Saturday, September 22, 2007

Standard-Based Bulletin Boards

Standard-based bulletin boards began as a compliance piece for us, but now in Kindergarten they truly offer a window into the instruction in the classroom. Teachers enjoy showing off the work their youngsters can do and they enjoy using their creativity to showcase the depth of the work. Teachers decided together that they would put up 6 bulletin boards during the school year that showcase student work and standards. They decided that they would each put up at least one board of their six that featured math, one board that featured writing, one board that featured reading or skills and one board that featured work over time. Each board includes: a title, a task (what did you ask the students to do), the standard, 4 pieces of student work and commentary on each piece of student work. Above is a bulletin board that just went up showcasing the work that the students are doing with rhyming.

  • The board contains a title, EVERY TIME, THE TIMMONTES KNOW THE RHYME.

  • The board contains the task and the standard.

  • The board also contains 4 pieces of student work with commentary and the student's picture. One example is below.

In this piece to the left the child completed the task by drawing rhyming pictures. On the left side he drew a picture of men. Knowing that the word was plural, he drew two men! On the right side he drew ten and represented word in numerals, 10, and also in pictures by drawing ten triangles. When it came time to write the rhyming words for each picture, he wrote "MN" for men and "TN" for ten, hearing the beginning and ending sound clearly. He s-t-r-e-t-c-h-e-d out each word just as he has been taught.
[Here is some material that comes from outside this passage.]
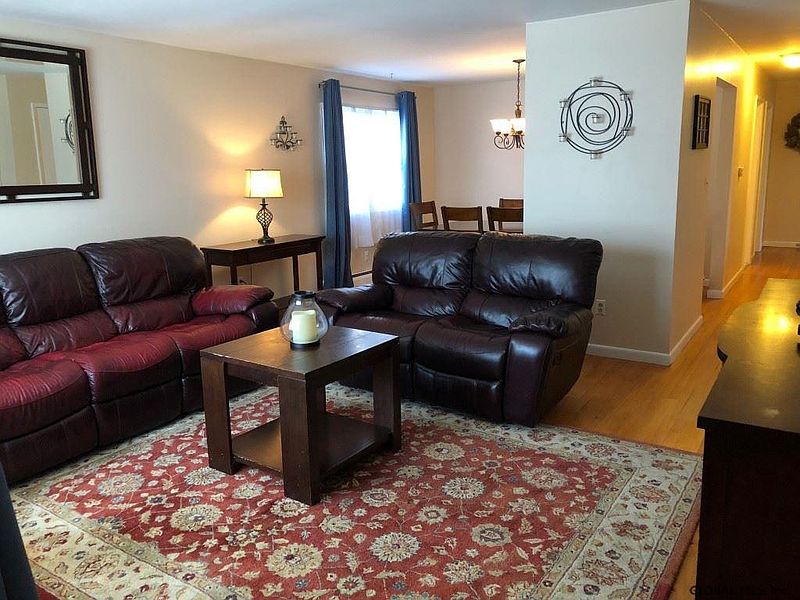 3rd image of 47A REYNOLDS Street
  • This board even includes an oral artifact which is a small tape recorder hanging in a pull string bag attached to the board. The teacher captured each child as he described the rhymes he had drawn. The teacher continues to probe in each case to make sure that the child understands rhyming words.

Each Kindergarten board is different.
Maria Mallon's board follows the same criteria of title, task, standard, 4 pieces of work and commentary but is totally different. Maria showcased her students' work of envisioning a story that has a beginning, middle and end, each represented by a single sheet of paper. She teaches her children to think of the story like a movie over several sheets of paper and then draw the pictures from their minds. They retell their story over the three pieces of paper. Some of her children are beginning to write letters to represent the words of their stories but right now, the stories are mostly in their oral language and in the details of their pictures. This is a technique that Maria brought back after spending time studying with Lucy Calkins.

Debbie Harbour's board features the new Vocabulary unit that kindergarten teachers are teaching (see widget to the left). She features four pieces of work where students have drawn a vocabulary word. Debbie has added photographs of each child acting out the word and then explained the child's understanding of the word in her commentary. In the case at the left, the child has drawn something that is frightening and then shows what frightening looks like.

Chevaughn Sasso's board features a Social Studies Standard (on the right). Julia Lewis' board features pattern work in math. Cheryl Dillard and the Mackarados features word done in Literacy Centers. Regardless of the type of board, as a grade level, we will do a "boardwalk" in the next few weeks where we will walk through the halls and take a look at each grade level board. We will invite each teacher to present her board to the other teachers describing what she was trying to accomplish. This is a learning opportunity for us all! While Standard-Based Bulletin Boards started out as a compliance piece, they have grown to be a integral part of our standard-based school. It's another forum where we bring student work to the table to discuss.